Pahrump officials, including Town Manager Susan Holecheck and fire Chief Scott Lewis declined to comment for this story. A call to former Town Manager Bill Kohbarger was not returned.
According to an account recorded in a deposition, Campos was informed of his hire on July 16, 2013, and was scheduled to begin training with the academy on Aug. 5.
The attorney said a conversation between Kohbarger and the HR official who hired Campos doomed his client’s job offer.
Campos was essentially fired a third time as a result.
“They created a human resources position for Kohbarger in North Las Vegas so he could leave the town of Pahrump. Mike had already applied for the firefighter position there and had been interviewed by HR. Mr. Kohbarger just happened to walk in while Mike was sitting in the lobby there. The North Las Vegas HR manager knew Kohbarger was from Pahrump and obviously knew Mike was from Pahrump and he asked Kohbarger about my guy that day after he left. Mike had already received an unconditional job offer from the North Las Vegas Fire Department but it was rescinded after what Kohbarger told them about Mike’s situation in Pahrump, and that’s illegal. You can’t do that,” he said.
Rempfer noted that North Las Vegas HR officials said Campos failed a background check which was the reason for his termination even though he said his client’s employment offer was “unconditional.”
Nowhere on the firefighter academy’s letter informing Campos of his imminent employment were the words “conditional” as part of his employment.
In fact, the letter’s opening greeting penned by Captain Justin Campbell of the North Las Vegas Fire Department stated the following: “On behalf of the North Las Vegas Fire Department, I would like to congratulate you and welcome you to our organization. As a trainee in the upcoming Lateral Firefighter Academy, you will need to address a few items prior to the scheduled start date of Aug. 5, 2013,” the letter stated.

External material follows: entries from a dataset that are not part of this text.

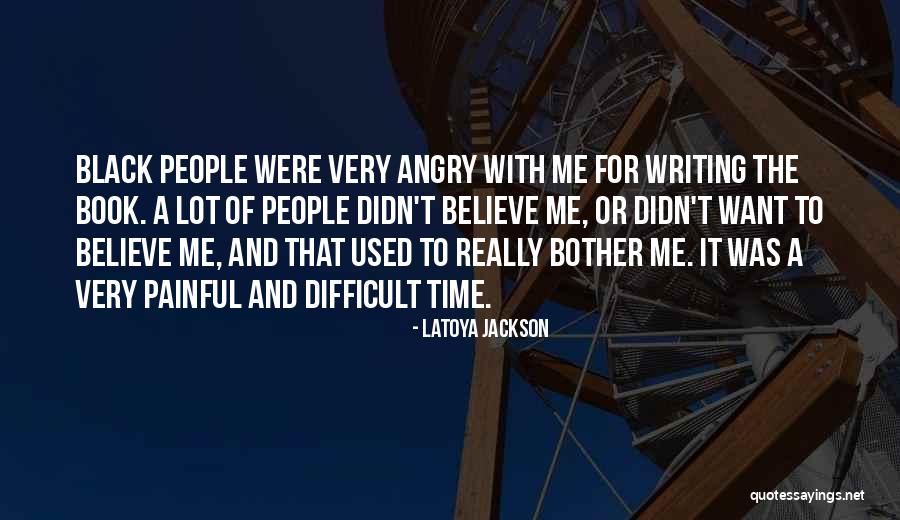 Latoya Quotes By LaToya Jackson Latoya Quotes By LaToya Jackson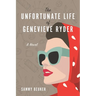 The Unfortunate Life of Genevieve Ryder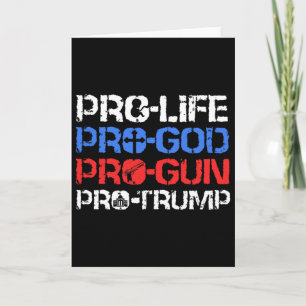 Pro-life Pro-god Pro-gun Pro-trump  Card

None of the items that needed addressing pertained to a background check upon review of the letter.
“He got a job offer and it was unconditional,” Rempfer said. “They said he failed a background check which is BS because there wasn’t really a background check,” he said.
Rempfer also had a few thoughts on the former town manager as well as the man who hired him, former North Las Vegas City Manager Timothy Hacker.
Kohbarger was laid off from his HR position not long after Hacker resigned as NLV city manager in September.
Hacker’s contentious relationship with the unions that represent city workers is well known.
NLV City Attorney Jeff Barr handed in his letter of resignation within hours of Hacker on the same day.
Rempfer noted an air of “Poetic Justice” regarding the situation.
“The fact that my client got fired and Kohbarger got fired as well as the city attorney and city manager who both resigned unexpectedly shows there’s a little bit of comic justice in the world,” he said.
Meanwhile, Rempfer said Pahrump town attorneys deny any wrongdoing on the part of the town in relation to Campos’ first and second termination.
The latter came after what is called a “Last Chance Agreement” was violated by Campos, according to the town.
“They denied they fired him because he was sick. They said that he was legitimately fired the first time and the second time he was legitimately fired based on the fact that he was under a zero tolerance policy from the last chance agreement. If he makes any mistakes, he’s fired without any due process. We disagree whether that’s even legal because it’s actually against the statues and the employee handbook. The statutes actually say you are entitled to due process before you actually lose your government employment,” Rempfer said.
Rempfer said depositions from Kohbarger revealed what he said were disturbing internal problems within the fire department and the town.
“They just wanted to get rid of Mike because of the workers’ compensation,” he said.
Rempfer said that his client is seeking monetary damages as a result of the whole ordeal.
North Las Vegas officials have yet to comment on the Campos lawsuit.